Are Ising spins scalar or operators? I am not a condensed matter physicist hence having some confusion. I have learnt about Ising models from adiabatic quantum algorithm papers. For example this presentation or this paper encodes their quantum adiabatic algorithm for an Ising model. In an Ising model the spins are $\pm 1$. In his original adiabatic quantum computation paper, Farhi didn't mention about Ising models. Moreover he explicitly used Pauli's spin matrices and not the $\pm 1$ spins.

Can we use $\pm$ spins and Pauli's matrices interchangeability at least in the context of adiabatic quantum algorithms?

## closed as not constructive by KavehMay 31 '13 at 17:18

As it currently stands, this question is not a good fit for our Q&A format. We expect answers to be supported by facts, references, or expertise, but this question will likely solicit debate, arguments, polling, or extended discussion. If you feel that this question can be improved and possibly reopened, visit the help center for guidance. If this question can be reworded to fit the rules in the help center, please edit the question.

• Copy on Physics. – Kaveh May 28 '13 at 17:50
• Please do not cross post simultaneously.

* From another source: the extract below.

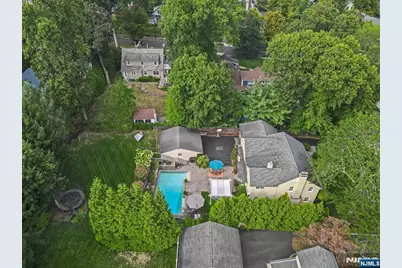 720 Morningside Road, Ridgewood, NJ 07450 - Photo 39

It wastes effort on multiple locations. If you don't get a satisfactory answer on one site, you're welcome to repost on another one. – Suresh Venkat May 28 '13 at 23:10
• It appears that you have crossposted this question simultaneously. While we don't mind a question being reposted, our site policy prohibits simultaneous crossposting as it duplicates effort and fractures discussion. Crossposting is only permitted after sufficient time has passed and you have not obtained your desired answer elsewhere. When crossposting please summarize the relevant discussions from other sites in your question and link to the copies in both directions. – Kaveh May 31 '13 at 17:18
• @Kaveh, understood. – Omar Shehab May 31 '13 at 19:59

Neither, they are domain elements. Any two domain elements would do: $\{+1, -1\}$, $\{0,1\}$, $\{\text{cat}, \text{dog}\}$.
Physicists have wonderful imaginations and thus name certain parameters based on their physical intuition for the behavior of nature. In this case, they interpret the states of the particles interacting in the Ising model as either spinning up or down. Furthermore, opposite spins produce opposite effects, such as their resulting magnetic fields being the negative of each other. Thus, the state of the particles (i.e. the spins) are succinctly represented in the model as either $+1$ or $-1$.
The Potts model is a generalization of the Ising model. One of the generalizations is that each particle can take one of $q$ values (i.e. the domain size is now $q$). By continuing the intuitive naming from the Ising model, these $q$ states are also called spins.